Za największe zagrożenie dla upodmiotowienia chłopów i robotników postrzegano wtedy faszyzm, który – inspirowany przykładami Włoch i Niemiec – zaczął swym zasięgiem ogarniać cały kontynent, a był powszechnie wspierany pieniędzmi posiadaczy obawiających się rewolucji społecznej. Walka z faszyzmem w wydaniu gen. Franco, wspomaganego przez Hitlera i Mussoliniego, przyciągnęła antyfaszystowskich bojowników z całego świata, którzy bili się o wolną i socjalistyczną Hiszpanię w szeregach słynnych Brygad Międzynarodowych. Wśród Polaków największą grupę stanowili robotnicy, którzy do Hiszpanii przybyli z Francji, gdzie przebywali na emigracji zarobkowej.

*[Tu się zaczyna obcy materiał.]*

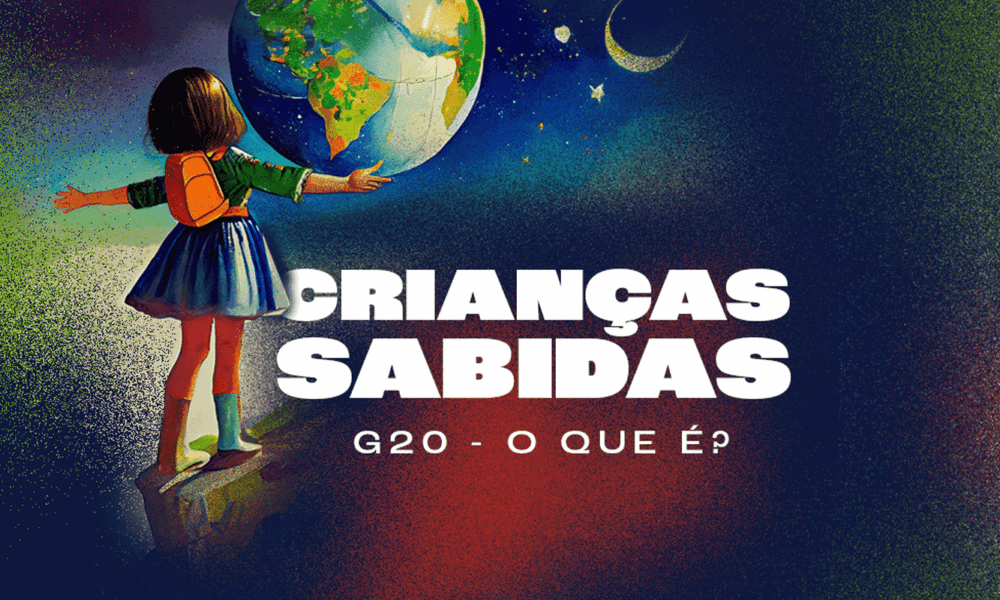 O que é o G20? É tema da nova temporada do podcast Crianças Sabidas
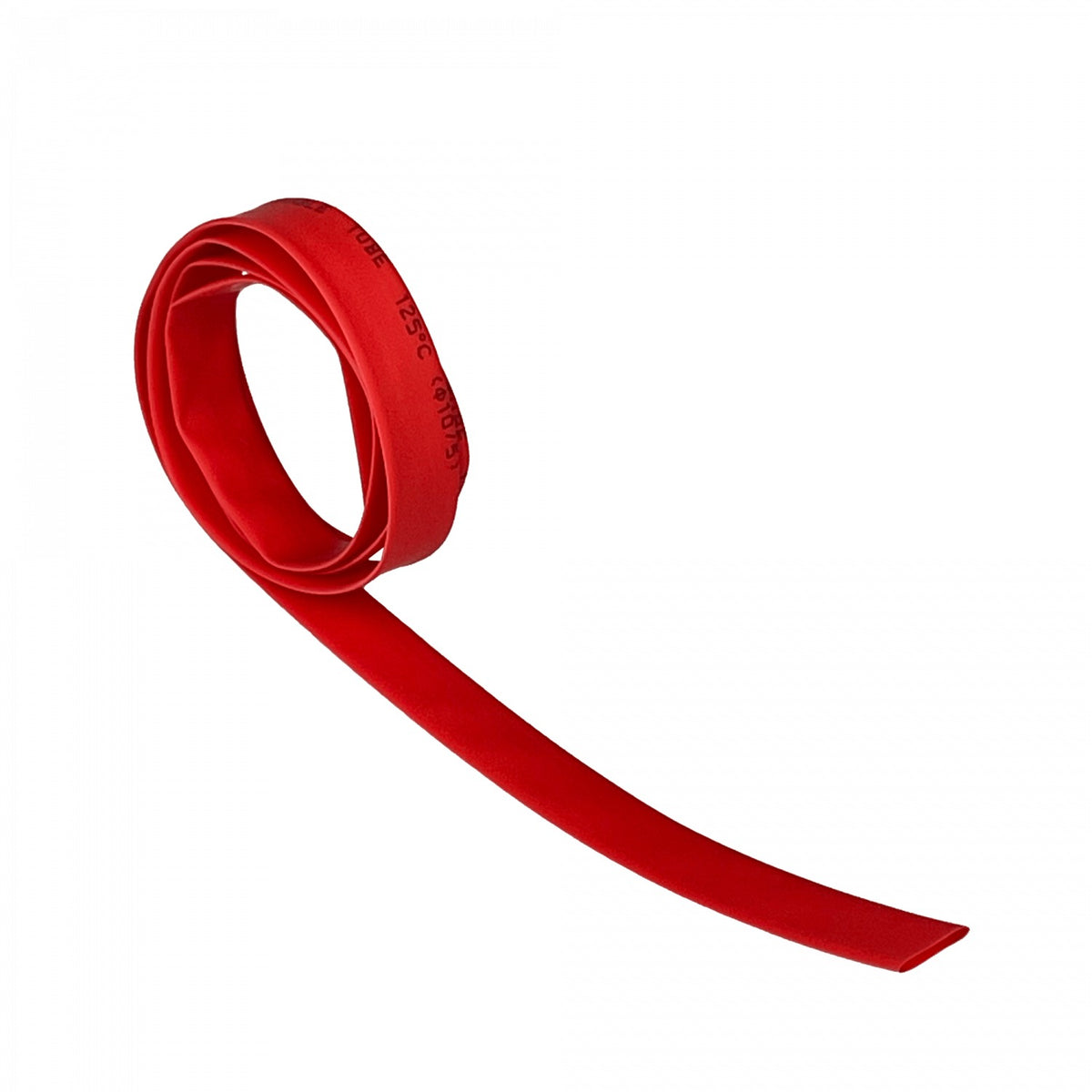 TR10 Tubo Termocontraíble Rojo 10mm de Diámetro 1 Metro Largo Relación 2 a 1 LMR195 Poliolefina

Skoncentrowani byli głównie w batalionach im. Mickewicza, Palafoxa i Dąbrowskiego (stąd “Dąbrowszczacy”).

Piotr Ciszewski podczas promocji książki „Dąbrowszczacy”/fot. Paweł Jaworski

Piotr Ciszewski przedstawił okoliczności powstania BM, historię i walk w Hiszpanii i polityczne powody rozwiązania Brygad. Autor książki odniósł się jednocześnie do głównego zarzutu prawicy wobec Dąbrowszczaków, czyli posądzenia, że pojechali na wojnę jako “żołnierze Stalina”. BM pozostawały rzeczywiście pod kontrolą Kominternu. Jednocześnie wiadomo, że połowa ochotników polskiego pochodzenia określała się mianem bezpartyjnych antyfaszystów, byli wśród nich też weterani legionów Piłsudskiego i wojny 1920 r. z Rosją Radziecką.

Wśród osób deklarujących się jako komuniści dominowali członkowie KPP i Francuskiej Partii Komunistycznej, którzy nie przyjechali do Hiszpanii “na rozkaz”, a jednoznacznie z własnej woli i w celu walki przeciwko wojskowej dyktaturze zagrażającej Hiszpanii. Często do partii wstępowali już w Hiszpanii, żeby ułatwić sobie funkcjonowanie w ramach BM. Kominternowskie kierownistwo Brygad nie kontrolowało w pełni politycznie szeregowych żołnierzy, chociaż się oczywiście starało.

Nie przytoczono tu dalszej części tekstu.